A sports psychologist applies psychological principles to help athletes reach their peak performance levels. They analyse the physical and mental behaviour of players and address any concerns in a safe, confidential environment.

Work may be done on an individual, one-to-one basis or with a whole team. The psychologist should maintain records and escalate any concerns if necessary. It is their job to aid the welfare of athletes and facilitate extraordinary learning opportunities.

Methods include visualisation, self-talk, goal setting, anger-management, relaxation, keywords, body language adjustments and attribution training. These help athletes maintain confidence, deal with emotions and keep their focus, especially if they are struggling with injury or suffering from the psychological effect of poor performances.

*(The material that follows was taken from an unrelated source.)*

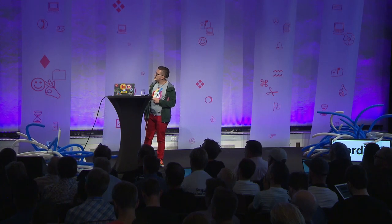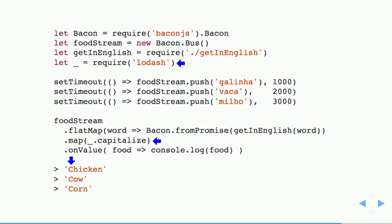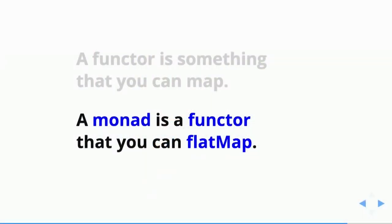We can also mix map and capitalize back in to get the values translated and capitalized. Flat map expects its mapper to return a functor of the same type containing the value, and flat map will flatten that functor and return a new stream containing those flattened values. A monad is a functor that you can flat map, and we talked about the stream monad. Now let's finish with the promise monad.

Many psychological techniques are informed by the latest science. The key to accessing a player’s elite performance lies in the pre-frontal lobe of the brain. This area is responsible for decision-making, awareness and anticipation. Stress and criticism affects this area of the brain negatively.


Applicants must hold both an undergraduate and masters level degree in Psychology. In addition to this, they should be BPS chartered and HCPC registered. Qualifications in counselling are also desirable.


Candidates should be able to point to a variety of elite-level case studies where they’ve helped improve athletic performance. They should have practical experience of applying psychological principles within an elite sporting environment and be used to performing on their own initiative in pressurised situations.